> [Aim of the task]: The output should be exactly the lines from the one containing "Ceas WEIDE, Quartz, Casual" through the last line of the records, and only those.

> [Data to process]:

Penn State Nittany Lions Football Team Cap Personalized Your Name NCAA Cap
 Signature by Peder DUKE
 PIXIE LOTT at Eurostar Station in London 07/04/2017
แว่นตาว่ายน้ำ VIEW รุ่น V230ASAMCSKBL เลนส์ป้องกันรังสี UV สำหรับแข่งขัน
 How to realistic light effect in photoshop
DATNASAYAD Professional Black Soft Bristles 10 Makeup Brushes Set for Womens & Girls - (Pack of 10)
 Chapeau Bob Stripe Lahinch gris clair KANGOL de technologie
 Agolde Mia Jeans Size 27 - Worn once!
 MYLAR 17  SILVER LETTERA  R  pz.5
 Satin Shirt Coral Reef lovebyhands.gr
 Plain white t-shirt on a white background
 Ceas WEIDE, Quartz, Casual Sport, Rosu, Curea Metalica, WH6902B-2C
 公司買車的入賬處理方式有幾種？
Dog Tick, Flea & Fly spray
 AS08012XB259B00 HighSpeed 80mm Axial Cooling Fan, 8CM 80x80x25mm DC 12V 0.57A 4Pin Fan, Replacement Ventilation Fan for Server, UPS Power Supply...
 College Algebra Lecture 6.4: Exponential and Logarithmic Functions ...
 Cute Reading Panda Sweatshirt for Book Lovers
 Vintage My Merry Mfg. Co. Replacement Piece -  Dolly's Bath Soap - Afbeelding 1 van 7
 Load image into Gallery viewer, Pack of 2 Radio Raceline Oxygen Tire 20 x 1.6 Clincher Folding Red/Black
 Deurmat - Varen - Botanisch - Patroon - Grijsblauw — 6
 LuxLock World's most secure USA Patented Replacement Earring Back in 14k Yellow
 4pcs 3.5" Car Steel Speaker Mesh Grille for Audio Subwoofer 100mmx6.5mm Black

> [Output for this exercise]:
 Ceas WEIDE, Quartz, Casual Sport, Rosu, Curea Metalica, WH6902B-2C
 公司買車的入賬處理方式有幾種？
Dog Tick, Flea & Fly spray
 AS08012XB259B00 HighSpeed 80mm Axial Cooling Fan, 8CM 80x80x25mm DC 12V 0.57A 4Pin Fan, Replacement Ventilation Fan for Server, UPS Power Supply...
 College Algebra Lecture 6.4: Exponential and Logarithmic Functions ...
 Cute Reading Panda Sweatshirt for Book Lovers
 Vintage My Merry Mfg. Co. Replacement Piece -  Dolly's Bath Soap - Afbeelding 1 van 7
 Load image into Gallery viewer, Pack of 2 Radio Raceline Oxygen Tire 20 x 1.6 Clincher Folding Red/Black
 Deurmat - Varen - Botanisch - Patroon - Grijsblauw — 6
 LuxLock World's most secure USA Patented Replacement Earring Back in 14k Yellow
 4pcs 3.5" Car Steel Speaker Mesh Grille for Audio Subwoofer 100mmx6.5mm Black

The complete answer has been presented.